Yesterday the Government announced the creation of a new Planning Court to deal with judicial review and similar challenges to planning decisions. It also announced some changes to the rules on challenges, especially challenges to decisions of the Secretary of State and Inspectors on planning appeals.
The intention is that the Planning Court will be part of the High Court and be up and running by this summer. Interestingly this change is to deal with only about 200 judicial review cases each year, those are the planning cases, out of over 10,000 JRs each year.

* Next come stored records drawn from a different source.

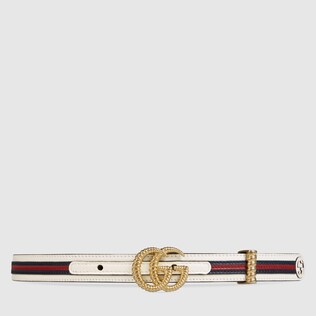 Leather belt with torchon Double G buckle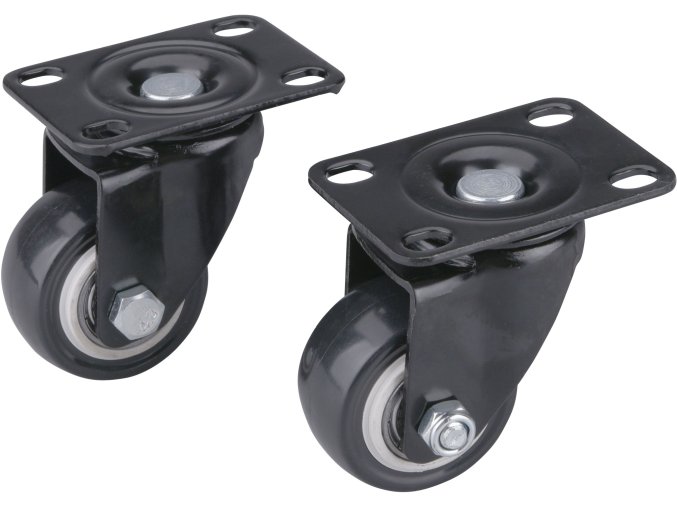 otočná kolečka s PVC obručí, sada 2ks, průměr 40mm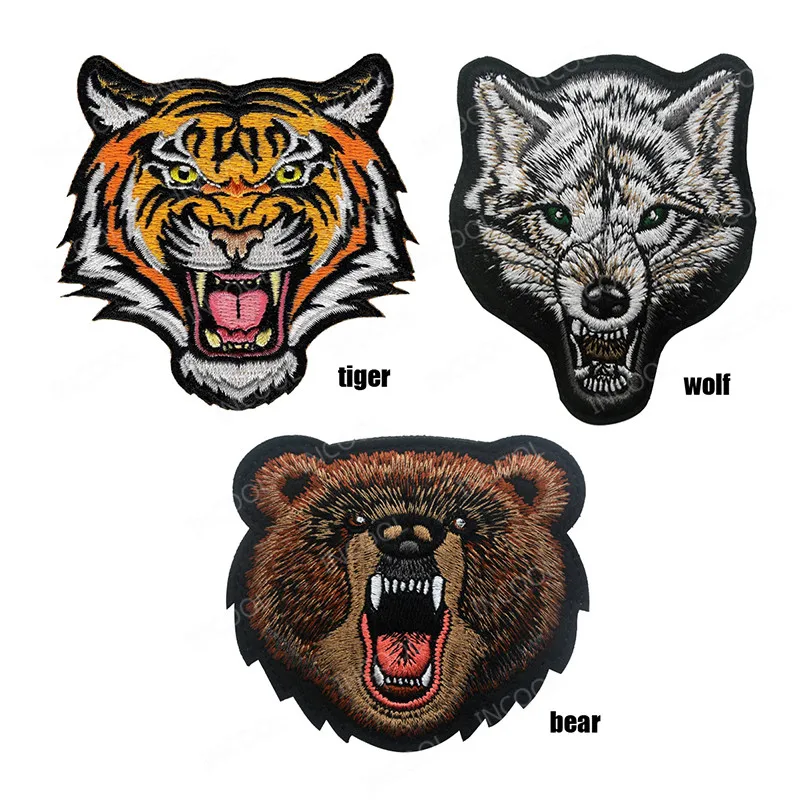 

Tiger Bear Wolf Embroidered Patches Animals Chevron Strip Military Patches Tactical Combat Emblem Appliqued 3D Embroidery Badges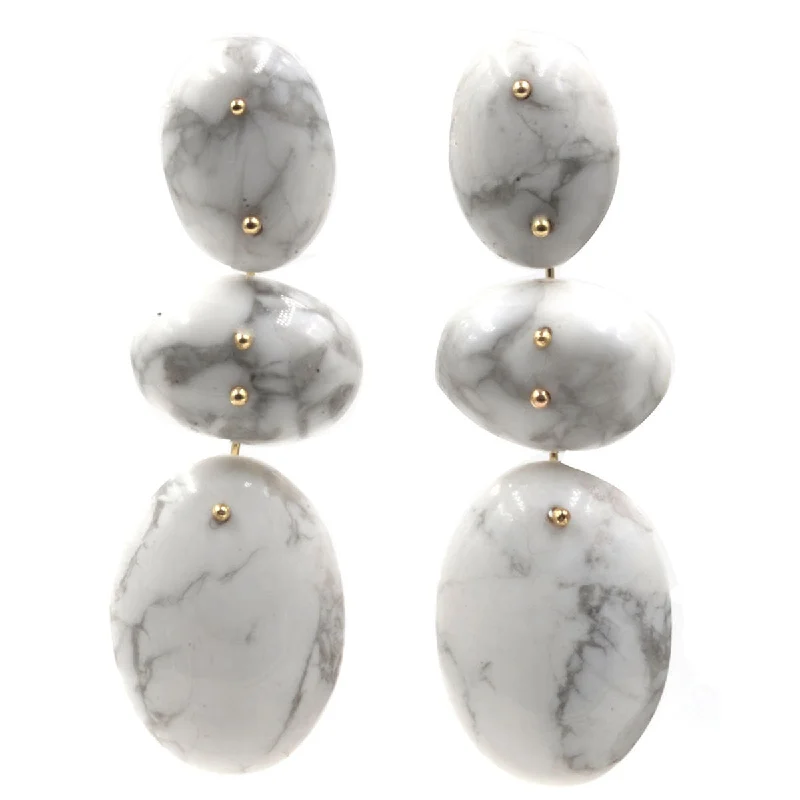 Women’s stacked earrings-Mobile Earrings Howlite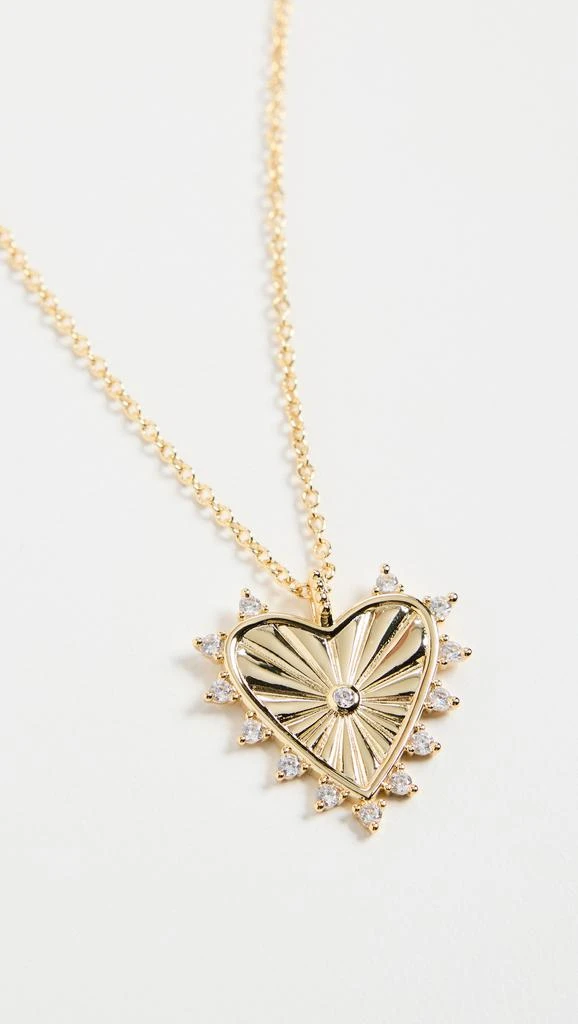 By Adina Eden Pave Outlined Heart Necklace 1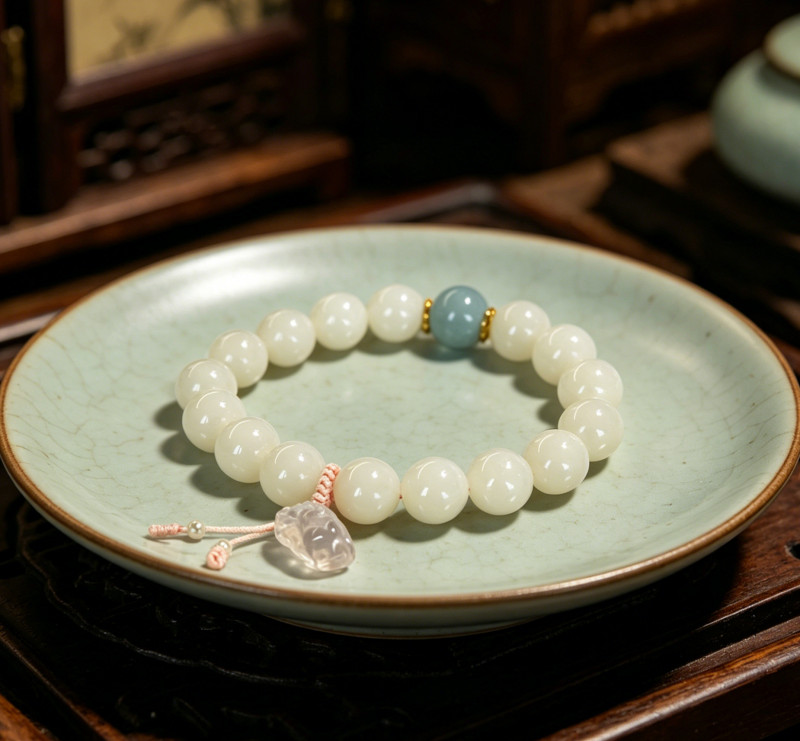 10mm白玉圆珠海蓝宝粉晶组手串 - 图1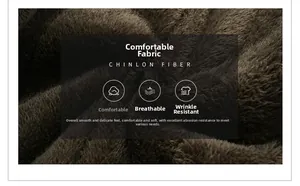 Detail of dark brown plush chinlon fiber fabric showing soft and breathable texture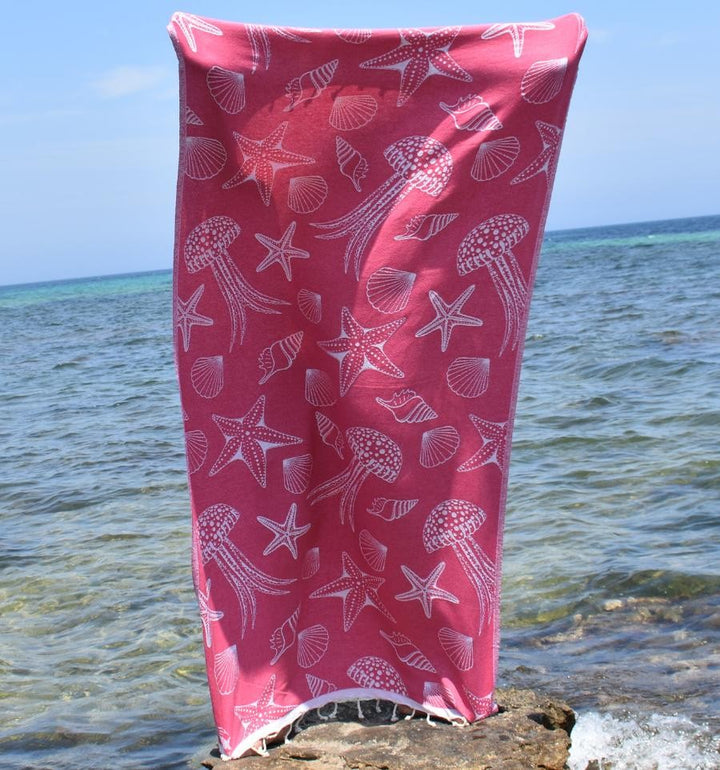 Fouta Fidji rose fuchsia
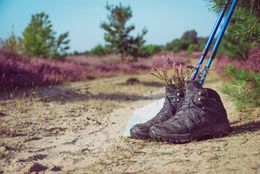 Wanderschuhe in der Sprakeler Heide im Emsland 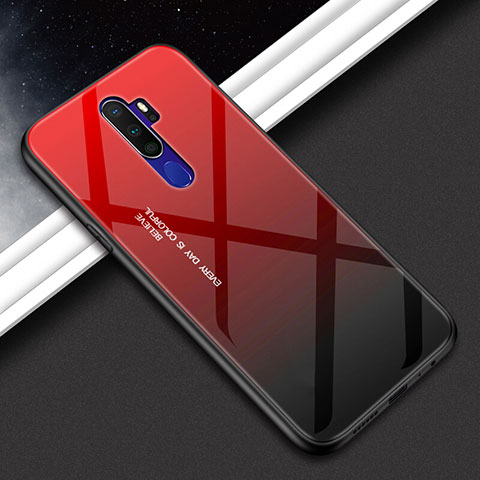 Custodia Silicone Specchio Laterale Sfumato Arcobaleno Cover per Oppo A11X Rosso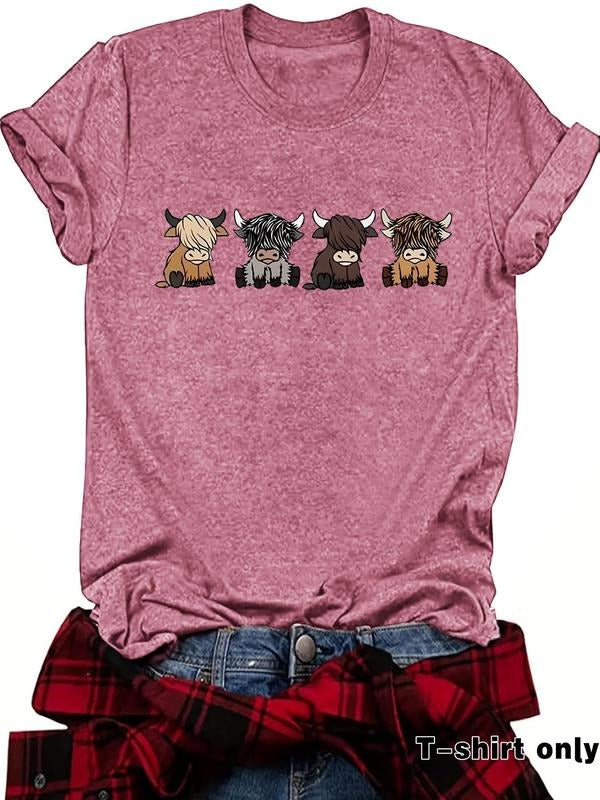 Cute Cow Print Round Neck Casual Short Sleeve Crew - Adult & Kids T-Shirts, Sweatshirts & Hoodies apparel design preview 1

Planning and JR keep strange company these days and some of the rules changes are to be found in the Criminal Justice and Courts Bill, introduced in the Commons yesterday which deals amongst other thing with penalties for possessing extreme pornographic images. Perhaps the most important change for planning is that challenges (under s.288 of the Town and Country Planning Act 1990) to Secretary of State and Inspector decisions will in future need the permission of the court, as is the case for proper judicial review. In addition, the court will be able to filter out cases where although there has been a procedural failure, the decision would be the same. The driver for a lot of these changes is the uncertainty caused by a court challenge; few developers want to commit to a development when the planning permission may be quashed. So judicial review is a very good delaying tactic, and in the meantime, economic conditions may change. The Government says that out of the 440 JR challenges which went to a hearing in 2011 (that is all categories, not just planning) only 170 were successful. So the other 270 will have delayed things. But we must remember that at least 240 of the 440 will have been non-planning cases, so only about 75 planning projects will have suffered that delay. There will of course have been delays for all 200 planning projects which were subject to JRs whether they went to trial, were settled or abandoned.
Other noteworthy changes include making it easier to leapfrog straight from the High Court to the Supreme Court, missing out the Court of Appeal where it is clear the case will end up in the Supreme Court anyway, and the disclosure of those who back claimants financially, a device used to reduce costs awards and so protect the backers if the claim is unsuccessful.
Those making or on the receiving end of judicial review claims need to take careful legal advice and the changes (only some of which I have highlighted) make this more important. But these changes should please the development industry.
 The Government’s response paper says it will take almost 400, but later reveals that in 2012 there were only 200 planning cases.
 We can deduce this from the following paragraph in the consultation response issued yesterday: “Applications more than doubled from 4,300 in 2000 to 12,600 in 2012. Yet, of the 440 which went on to a final hearing without being refused permission, withdrawn or settled in 2011 just 170 went in favour of the applicant. In 2012 the vast majority of applications, more than 10,000, were for immigration and asylum cases – and almost 200 were on planning issues.”